On the issues, his views are hard to pigeonhole as either conservative or progressive.
On the downtown greenway, Leone says, “That’s one I really like. When people start seeing nice stuff and taking pride, it will develop further.”
He advocates privatizing the Greensboro Coliseum.
“You’ve got something hemorrhaging so bad it doesn’t make any sense to keep pouring money into it,” he says. “The poor people who fund it through their taxes can’t afford to go.”
He’s no fan of the aquatic center, which was financed with bonds approved by voters in 2008 and then fast-tracked by council the following year.
“You’re not going to sell me on paying for a pool instead of putting food in a poor kid’s mouth,” Leone says. “I’m sorry, that’s a want, not a need. We need beds for the homeless.”
Philosophically, he’s wary of leaving too much decision-making up to the city manager and staff.
“I want to know what’s going on,” Leone says. “I don’t need to know day to day. But when it affects the masses, I want to know. Then, when the house of cards comes down, ‘I didn’t know?’ No…. We all go down together. Or we all succeed together.”

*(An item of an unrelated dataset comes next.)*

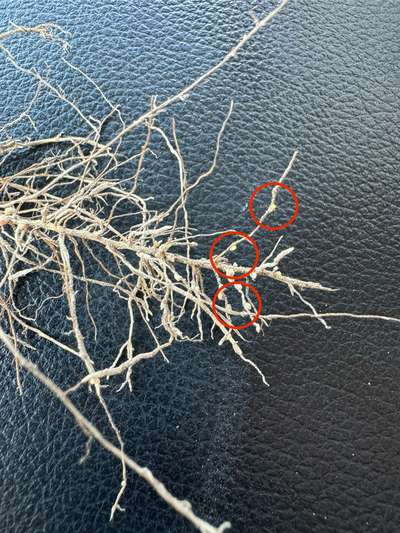 Up-close photo soybean roots with cysts circled.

Leone says as a council member he would reach out to a number of groups he believes have not had an adequate voice in municipal politics. Starting with police officers.
“I want to do ride-alongs,” Leone says. "I want to know what they’re thinking. A lot of council members get their information from the top. I think that’s a mistake. The top person is always going to tell you what he thinks you want to hear. Patton supported his men, and look what they did for him. I want to know what equipment they need. A happy cop is a productive cop. A productive cop goes out there and looks for crime. An unhappy cop is a lazy, complacent cop.”
Council has also not listened closely enough to the African-American community, he says.
“I think they’ve been ignore,” Leone says. “I think they’ve been hurt. It looks bad. It may not be deliberate. I want to talk to them. I want to ask them what the problem is.”
Leone says he is sponsoring a friend to obtain citizenship. He wants to give the international community in Greensboro a greater political voice, specifically mentioning Arabs and Asians. As with other groups, he says he would start by going out of his way to talk to people in the international community and find out what their concerns are.
He favors increasing funding for programs to help the homeless.
“If you get people in treatment programs, you solve a secondary problem – crime,” he says. “If crime goes down, then you save money on police. Otherwise, you end up helping the haves and you end up with a lot of have-nots – the masses. If you fix the social issues, the rest will fall into place.”